TrailDB – An Efficient Library for Storing and Processing Event Data

spenczar5 · on May 24, 2016

It looks like this must be the successor to Deliroll, which was described in an absolutely fantastic talk from 2013[0]. I've been hoping this would be open sourced for years. Really glad to see this!

[0] https://www.youtube.com/watch?v=rXj5nayS7Yg

Judson · on May 24, 2016

I was just watching this[0] excellent talk from one of the Heap Analytics engineers on their use of CitusDB + Postgres to do event processing.

What use-case would TrailDB be the obvious, hands-down way to go (vs maybe Postgres + Citus)?

[0]: https://www.youtube.com/watch?v=NVl9_6J1G60

jflatow · on May 24, 2016

I'm so glad AdRoll finally open-sourced this. TrailDB is by far the easiest way to process trillions of events on a single machine. Can't wait for them to start publishing their internal ecosystem around it too.

vtuulos · on May 24, 2016

Thanks! I hope we can open-source the rest of the stack now that the core libraries are out.

Btw, I am happy to answer any questions about the project here.

buremba · on May 24, 2016

It looks like TrailDB solves a particular problem (which is actually quite common btw) the right way. However the language barrier makes it hard to use it as DB. I believe that Python binding is nice for development environment but in production we would probably want to use a low level language for performance reasons because we'll be dealing with billions of events in a single machine. Do you plan to implement a query language which compiles to native code such as SQL?

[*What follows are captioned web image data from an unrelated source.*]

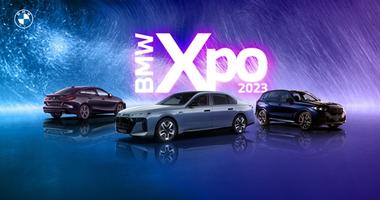 Ѻ   ʹ¹áش㹧ҹ BMW Xpo 2023 ӷѾ  M760e xDrive ö¹ M Performance ԹκԴáСͺ㹻 աҡ蹤úءŹѾ  ʹشաҡ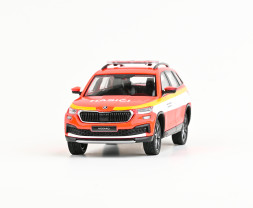 1:43 Skoda Kodiaq FL (2021) – Feuerwehr der Region Karlsbad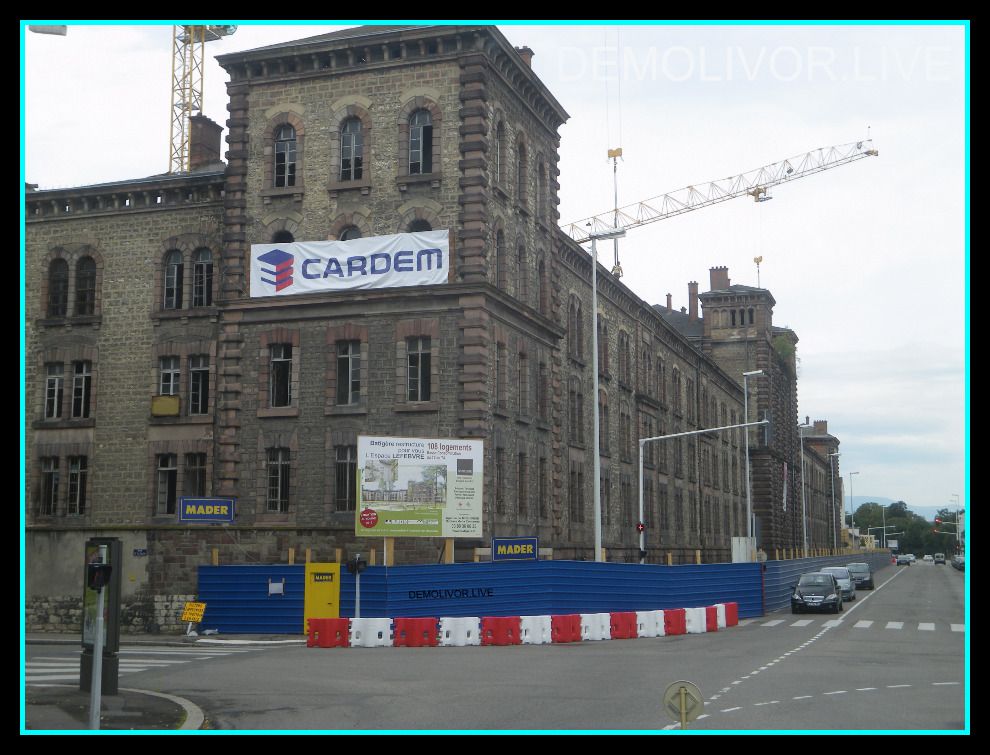 Mulhouse, 68100, 68200, Alsace, France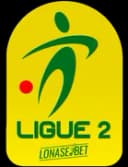 Logo de LIGUE 2 2026-2027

How do you handle continuous data with TrailDB? It seems that you store raw events Kinesis, buffer events and periodically write TrailDB files to S3. When you want to process events for a specific user, normally the events might be in a random TrailDB file so the timeline would be mixed up. Do you merge TrailDB files in a single instance when processing the data or have a sharding mechanism?

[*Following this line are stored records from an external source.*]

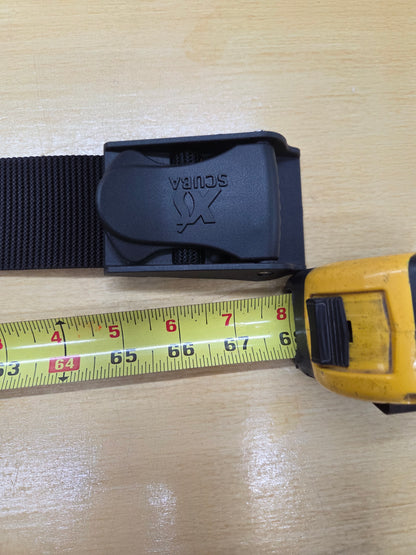 4 Pocket XS Scuba Weight Belt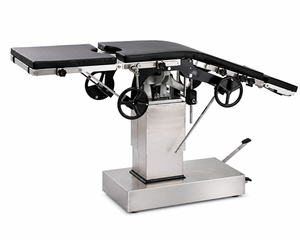 Operating Table Hydraulic Manual MX-3001S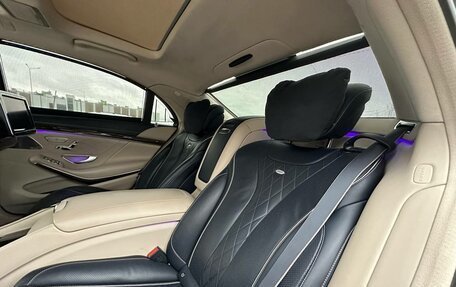 Mercedes-Benz S-Класс, 2013 год, 4 380 000 рублей, 16 фотография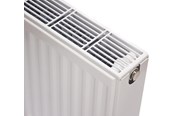 Radiatorer og ventiler - Altech C4 radiator 22 - 900 x 700 mm, RAL 9016, Hvid - 326269407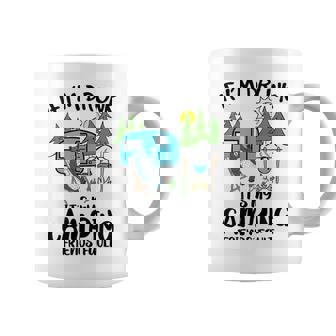 キャンプ 楽しい キャンピング 面白い キャンプファイヤー キャンピングカー 旅 コーヒーマグ - Kawaiitshirt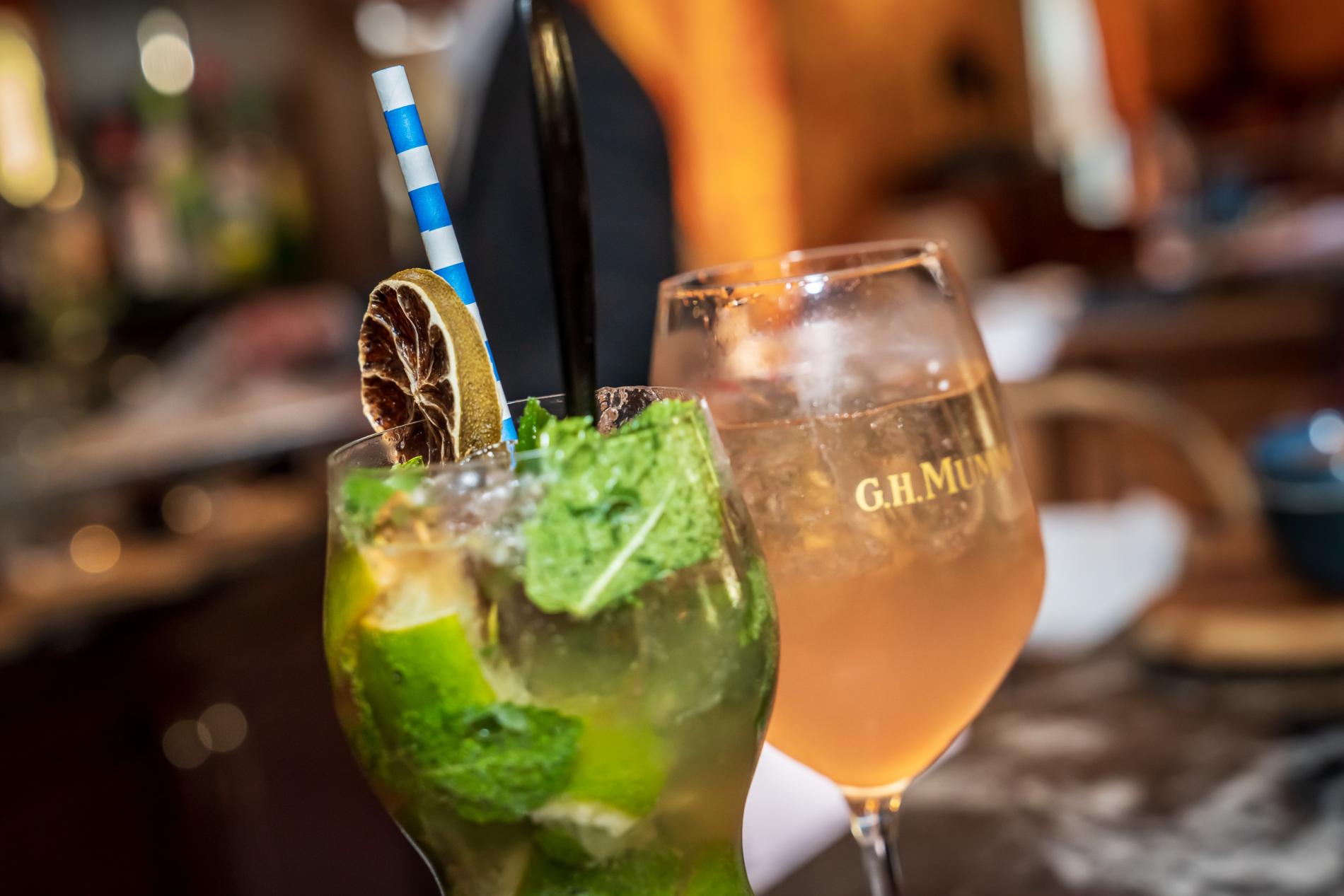 COCKTAIL, APERITIF DINATOIRE NORMANDIE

dialtone · on May 24, 2016

We have an internal framework that compiles a state machine DSL into lower level code to execute queries on TrailDBs. However the binding in Python is fairly thin, and the same can be said for the other ones like the golang one. So before optimizing with a lower level language or a special DSL I would verify that Python or any other of the supported languages doesn't satisfy your requirements.

And continuous data is handled by sharding TrailDBs across some fields in our log lines, this way all the related events for a cookie in a given day belong in the same shard, each day the shard mapping is the same and we can just download the same shard ids from S3 and process the files sequentially using our DSL language. With a bit of code you can make this whole process of downloading from S3 and processing completely automated, this is in fact what we do with our data pipeline[0][1].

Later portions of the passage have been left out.